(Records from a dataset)
────────────────────────────────────────
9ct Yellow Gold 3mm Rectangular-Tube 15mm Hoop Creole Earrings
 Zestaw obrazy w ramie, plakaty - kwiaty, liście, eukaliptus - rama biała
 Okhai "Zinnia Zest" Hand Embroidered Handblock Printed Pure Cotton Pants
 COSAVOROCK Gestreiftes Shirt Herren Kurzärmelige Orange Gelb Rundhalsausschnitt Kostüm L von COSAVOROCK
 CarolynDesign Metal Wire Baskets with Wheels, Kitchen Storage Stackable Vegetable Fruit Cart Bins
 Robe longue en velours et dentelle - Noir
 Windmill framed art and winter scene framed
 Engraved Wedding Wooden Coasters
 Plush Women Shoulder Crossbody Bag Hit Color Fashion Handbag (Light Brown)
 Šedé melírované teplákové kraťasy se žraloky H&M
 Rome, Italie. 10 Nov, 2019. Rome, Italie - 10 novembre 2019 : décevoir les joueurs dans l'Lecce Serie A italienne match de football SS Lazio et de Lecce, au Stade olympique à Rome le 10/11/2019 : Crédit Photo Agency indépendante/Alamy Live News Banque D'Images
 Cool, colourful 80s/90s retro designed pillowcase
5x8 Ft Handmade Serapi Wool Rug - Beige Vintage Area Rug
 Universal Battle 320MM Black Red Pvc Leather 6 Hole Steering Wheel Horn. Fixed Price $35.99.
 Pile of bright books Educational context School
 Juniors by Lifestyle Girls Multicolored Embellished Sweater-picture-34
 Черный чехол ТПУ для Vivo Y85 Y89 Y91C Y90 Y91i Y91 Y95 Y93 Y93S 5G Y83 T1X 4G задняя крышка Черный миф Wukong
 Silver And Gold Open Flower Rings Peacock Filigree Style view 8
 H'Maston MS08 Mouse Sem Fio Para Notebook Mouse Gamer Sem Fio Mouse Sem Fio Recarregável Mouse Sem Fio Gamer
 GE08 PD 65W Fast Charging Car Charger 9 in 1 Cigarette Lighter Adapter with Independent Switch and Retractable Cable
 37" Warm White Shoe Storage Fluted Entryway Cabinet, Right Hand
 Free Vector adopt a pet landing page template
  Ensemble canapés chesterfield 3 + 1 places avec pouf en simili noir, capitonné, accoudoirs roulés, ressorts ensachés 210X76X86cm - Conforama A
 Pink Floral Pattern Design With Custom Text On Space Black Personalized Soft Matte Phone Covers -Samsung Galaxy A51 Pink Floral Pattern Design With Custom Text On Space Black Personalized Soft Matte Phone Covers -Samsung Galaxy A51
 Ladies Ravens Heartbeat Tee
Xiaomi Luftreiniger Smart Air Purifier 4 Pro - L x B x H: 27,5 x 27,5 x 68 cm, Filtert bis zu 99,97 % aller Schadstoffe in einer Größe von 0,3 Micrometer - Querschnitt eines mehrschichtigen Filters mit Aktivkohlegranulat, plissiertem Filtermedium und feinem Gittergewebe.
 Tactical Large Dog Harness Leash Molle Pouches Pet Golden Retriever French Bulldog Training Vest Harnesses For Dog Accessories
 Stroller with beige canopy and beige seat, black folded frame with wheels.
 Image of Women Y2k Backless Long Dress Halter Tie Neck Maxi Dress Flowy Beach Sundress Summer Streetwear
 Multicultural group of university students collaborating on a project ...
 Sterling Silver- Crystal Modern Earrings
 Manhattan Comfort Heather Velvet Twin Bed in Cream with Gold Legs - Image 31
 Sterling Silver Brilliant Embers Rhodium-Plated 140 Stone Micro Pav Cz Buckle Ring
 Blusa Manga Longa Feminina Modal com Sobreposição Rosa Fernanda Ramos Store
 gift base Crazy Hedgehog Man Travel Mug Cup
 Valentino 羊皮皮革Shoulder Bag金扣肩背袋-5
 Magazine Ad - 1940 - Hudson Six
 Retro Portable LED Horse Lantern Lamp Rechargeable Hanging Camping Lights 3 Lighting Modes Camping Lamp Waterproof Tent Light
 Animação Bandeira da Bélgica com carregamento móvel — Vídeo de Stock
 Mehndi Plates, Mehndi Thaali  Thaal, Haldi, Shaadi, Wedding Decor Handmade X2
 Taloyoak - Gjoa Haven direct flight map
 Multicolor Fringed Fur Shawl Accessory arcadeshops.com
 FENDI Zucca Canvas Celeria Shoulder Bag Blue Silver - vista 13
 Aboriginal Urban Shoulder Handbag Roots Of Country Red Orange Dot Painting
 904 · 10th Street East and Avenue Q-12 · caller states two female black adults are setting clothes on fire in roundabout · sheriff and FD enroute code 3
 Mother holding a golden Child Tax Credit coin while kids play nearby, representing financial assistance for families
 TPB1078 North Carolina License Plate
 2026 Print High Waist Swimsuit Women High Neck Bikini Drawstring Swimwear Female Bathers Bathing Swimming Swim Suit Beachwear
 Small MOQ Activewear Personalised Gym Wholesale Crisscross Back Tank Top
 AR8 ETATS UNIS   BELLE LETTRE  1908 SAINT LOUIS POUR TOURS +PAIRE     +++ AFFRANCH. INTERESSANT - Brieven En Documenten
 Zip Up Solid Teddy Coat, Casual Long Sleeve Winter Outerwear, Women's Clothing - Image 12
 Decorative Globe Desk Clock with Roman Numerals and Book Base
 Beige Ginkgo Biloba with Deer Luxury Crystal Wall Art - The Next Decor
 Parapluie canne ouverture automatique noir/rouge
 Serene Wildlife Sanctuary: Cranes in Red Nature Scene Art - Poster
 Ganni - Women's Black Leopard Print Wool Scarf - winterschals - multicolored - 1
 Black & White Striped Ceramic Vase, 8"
────────────────────────────────────────
DIRECTIONS FOR THIS TASK: Each line from the one that includes "Multicolor Fringed Fur" down to the close of the records above is to be given again exactly, and no other line is to appear.

COMPLETED EXERCISE:
 Multicolor Fringed Fur Shawl Accessory arcadeshops.com
 FENDI Zucca Canvas Celeria Shoulder Bag Blue Silver - vista 13
 Aboriginal Urban Shoulder Handbag Roots Of Country Red Orange Dot Painting
 904 · 10th Street East and Avenue Q-12 · caller states two female black adults are setting clothes on fire in roundabout · sheriff and FD enroute code 3
 Mother holding a golden Child Tax Credit coin while kids play nearby, representing financial assistance for families
 TPB1078 North Carolina License Plate
 2026 Print High Waist Swimsuit Women High Neck Bikini Drawstring Swimwear Female Bathers Bathing Swimming Swim Suit Beachwear
 Small MOQ Activewear Personalised Gym Wholesale Crisscross Back Tank Top
 AR8 ETATS UNIS   BELLE LETTRE  1908 SAINT LOUIS POUR TOURS +PAIRE     +++ AFFRANCH. INTERESSANT - Brieven En Documenten
 Zip Up Solid Teddy Coat, Casual Long Sleeve Winter Outerwear, Women's Clothing - Image 12
 Decorative Globe Desk Clock with Roman Numerals and Book Base
 Beige Ginkgo Biloba with Deer Luxury Crystal Wall Art - The Next Decor
 Parapluie canne ouverture automatique noir/rouge
 Serene Wildlife Sanctuary: Cranes in Red Nature Scene Art - Poster
 Ganni - Women's Black Leopard Print Wool Scarf - winterschals - multicolored - 1
 Black & White Striped Ceramic Vase, 8"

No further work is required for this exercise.